Heaters’ second full-length, Holy Water Pool, is a segmented mirage of a record.
The Michigan group blends the bleary, reverb-soaked guitar tone of early 1960’s psychedelic garage rock – think 13th Floor Elevators, The Zombies and The Electric Prunes – with the undiluted, bridge-pick up twang of surf rock, its antiquated cousin. The group’s lead singer even kind of sounds like a hoarse Roky Erickson projecting from the opposite end of a long corridor in opener “Kamikaze.”
Holy Water Pool draws its principal inspiration from an era before the thick, warm, tube amp sound became the staple of hard and psychedelic rock. Heater’s own sound is wiry and sharp, each guitar note like a pebble breaking the surface tension of a still body of water. “Honey” is so drenched in delay effects and slurred drums fills that it’s nearly possible to find the beat, let alone understand the lyrics. But that’s half the fun, isn’t it?
“Sanctuary Blues” carries a southwestern vibe, like a desert wind blowing through a pueblo ghost town. Bent, chorus pedal-soaked notes pierce through the fog of reverb that obscures both the bluesy romp and “Propane,” the track in which Heaters finally reach cruising altitude with a post-punk drum shuffle that’s heavy on the ride cymbal bell. “Gum Drop” is the most traditional piece of expansive, spacey psychedelia – it almost sounds like “Little Wing” covered by Dead Meadow, soaked with eerie keyboards and wailing wah pedals.
The bass groove steps into the forefront in the instrumental “Hawaiian Holiday,” which is fittingly littered with classic surf-rock dive-bombs. Thanks to the liberal use of guitar effects and vocal filters, “Bad Beat” sounds like a down home boogie-woogie barroom hootenanny whose reverberations we’re hearing a hundred years after all the patrons and musicians died, like the creepy ballroom music in The Shining.
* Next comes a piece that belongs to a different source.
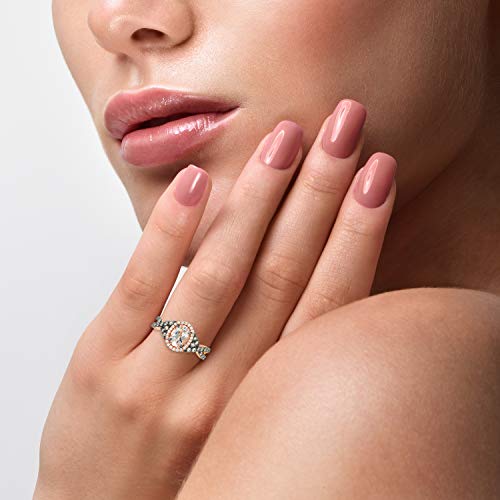 Levian 14K Rose Gold, Oval Gemstone & 2/3 Cttw White & Chocolate Diamond Halo Engagement Ring (Fancy Brown/G-H Color, Vs2-Si2 Clarity) - Size 7 #TOP1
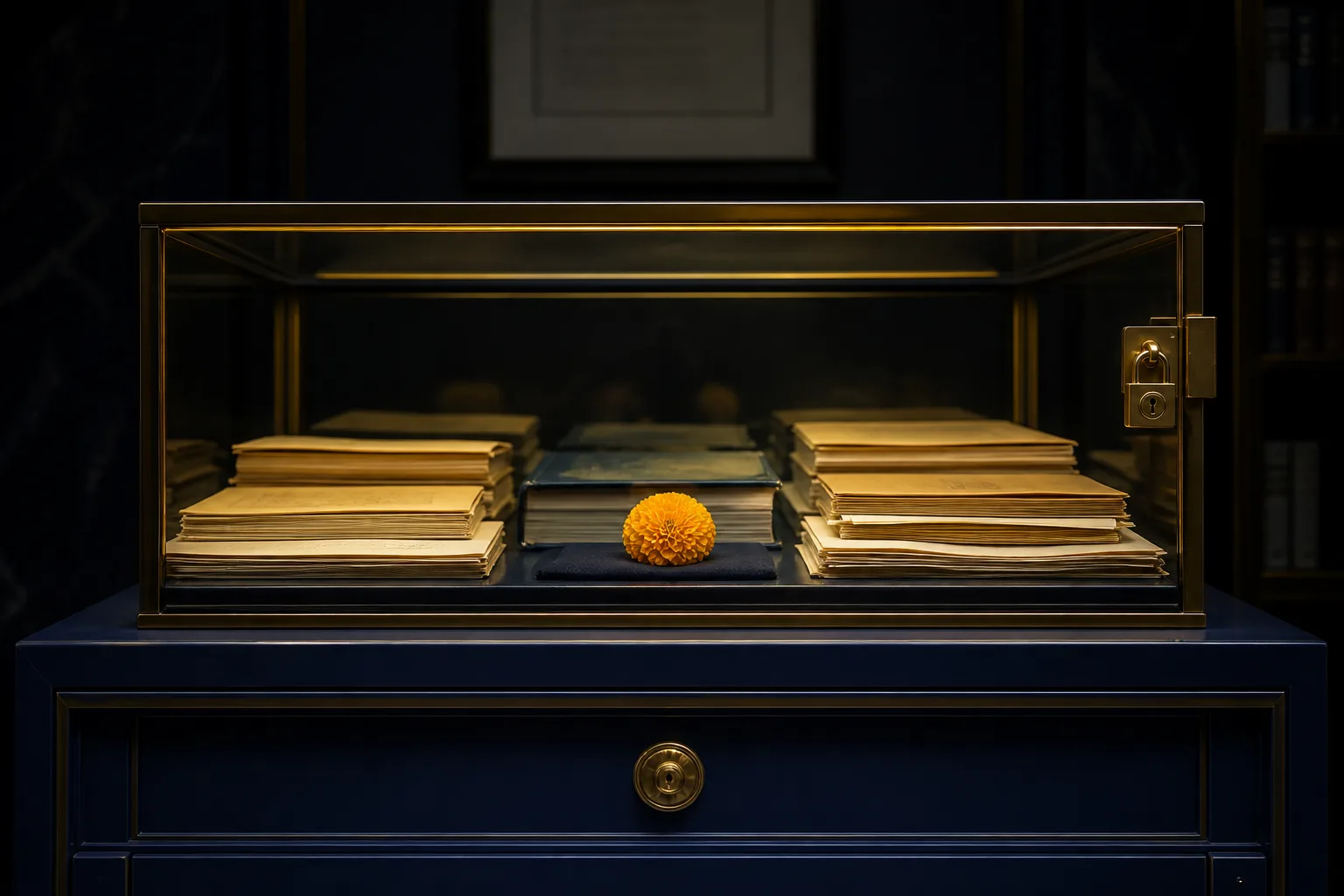Secure glass vault of documents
Which is kind of funny because that’s exactly what that song is, give or take a few decades; the lingering apparition of a nuanced but instantly identifiable genre that spent far too short a time in the warm waters of the 1960’s mainstream. Heaters sound as if the horrible visions that plagued Roky in his later years came to life and started a band shortly after acquiring vinyl copies of Loveless and The Ventures’ discography.